Sedikit melirik ke Karo Julu bagian Deli, yang menurut penelitian Tengku L. Sinar dibagi dua lagi yakni Sinuan Bunga (hilir) dan Sinuan Gambir (hulu). Di Karo Julu  bagian Deli, yang di daerah hulu sebagian masih menanam bamboo sebagai pulo-pulo desanya seperti di kecamatan STM Hulu (daerah Tiga Juhar saat ini). Daerah Sibolangit juga beberapa masih ada yang bamboo sebagai pulo-pulo desanya.  Meskipun demikian bamboo bukan sebagai satu-satunya yang dapat dikatakan, melainkan pinang atau dalam bahasa Karo disebut mayang juga harus dikaji lebih dalam. Sedang Masyarakat Karo Julu bagian Deli Sinuan Bunga kebanyakan pulo-pulo desanya adalah kelapa (tualah). Meskipun demikian bukan berarti tidak ada bamboo atau pinang.
Sedikit berbeda dengan saudara mereka di Karo Julu Bagian Gugung.  Keadaan alam terkadang memang menghasilkan kebudayaan (cara memanfaatkan alam) berbeda juga. Di Karo Julu Gugung, kelapa bukan komoditas yang menghasilkan. Kelapa memang berbuah tapi tidak seproduktif di dataran rendah seperti Karo Julu Deli. Tuntutan alam yang sedemikian membuat Suku Karo Julu di gugung lebih adaptif terhadap kondisi alamnya. Hal ini seperti yang dikemukakan oleh penganut teori ekologi budaya. Lingkungan dan budaya adalah dua entitas yang tidak dapat dipisahkan. Kedua entitas yang tidak dapat dipisahkan ini saling mempengaruhi (Rachmad, 2008:47). Dengan demikian, meskipun satu suku belum tentu sama pengelolaan alamnya. Hal ini lebih jauh dicontohkan dalam suku Indian yang berbeda dalam mengelola lahan jagung mereka antara yang di Barat Daya Amerika dengan yang di Selatan.
Bamboo ini selain begitu banyak ditanami di pinggiran desa juga ditanami  di pinggir (bahu) sungai.

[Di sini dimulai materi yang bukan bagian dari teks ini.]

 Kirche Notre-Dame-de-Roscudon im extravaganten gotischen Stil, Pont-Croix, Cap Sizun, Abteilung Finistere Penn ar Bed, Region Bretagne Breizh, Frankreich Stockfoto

Hal ini rupanya sangat baik ketika menahan laju erosi sungai. Selain itu, akar dan tutupan daunnya  juga memang baik untuk biota sungai. Seingat saya semakin baik tutupan sebuah sungai di area pegungungan maka akan semakin kaya hasil sungai tersebut. Selain sungai juga bamboo ini ditanami masyarakat Karo Julu Gugung di tepian lahan pertanian yang curam atau landai. Ternyata bamboo juga sangat baik dalam menahan tanah yang labil atau curam.

Pembahasan

Pada masyarakat Karo Julu Gugung maka bamboo menjadi pilihan utama yang menjadi pulo-pulo kuta mereka. Bamboo yang sangat sangat multifungsi tersebut menjadi pilihan karena memang seluruh bagian tumbuhan tersebut dapat digunakan oleh masyarakat Karo. Bahkan ada hutan (kerangen) yang didominasi tumbuhannya adalah bamboo bukan pohon-pohonan. Setidaknya pada masyarakat Karo Klasik dapat diidentifikasi beberapa manfaat bamboo. Namun, sekarang ini pemanfaatan bamboo tidak sebanyak  (dalam hal keragaman produk) dahulu lagi. Adapun manfaat bamboo bagi masyarakat Karo adalah sebgai berikut:
-    Sebagai bahan bangunan seperti rusuk-rusuk atap rumah adat, juga untuk atap gubuk atau rumah terutama bagian dapur.
-    Sebagai alat pertanian, misalnya rimba-rimba, ipen rouka, tangkai rouka, bamboo gereta lembu,  dan acir, beberapa dalam alat lainnya yang terutama sebagai bahan pendukung.
-    Sebagai Dekorasi dan alat kebutuhan rumah tangga seperti pagar rumah, ukat (sendok), tumba, kuran, kitang, tumba dsb.
-    Bahan kerajinan seperti keranjang, sunun, tangkai sapu,
-    Alat musik seperti ketteng-ketteng, surdam, baluat, pingko-pingko
-    Dsb.
Proses menganyam dasar keranjang

Meskipun pemanfaatan bamboo begitu banyak dalam Suku Karo masa lalu namun saat ini sudah berkurang pemanfaatannya. Pemanfaatan yang masih besar kuantitasnya adalah yang berkaitan dengan kegiatan profit. Hal ini bukan tidak beralasan tentunya. Kemajuan teknologi dan perubahan gaya hidup pasti membawa perubahan sosial. Seperti misalnya tipe rumah, sangat mempengaruhi pemanfaatan bamboo ini. Dahulu bamboo digunakan sebagai rusuk penahan ijuk sebagai atap rumah. Sekarang yang digunakan adalah broti kayu yang menopang seng sebagai atap rumah. Hal lain tentu dapat anda lihat lebih banyak dari contoh pemanfaan tersebut. Dalam hal ini yang hendak didalami adalah bagaimana femantaatan keranjang Karo dimana masih dimanfaatkan sebagai usaha profit.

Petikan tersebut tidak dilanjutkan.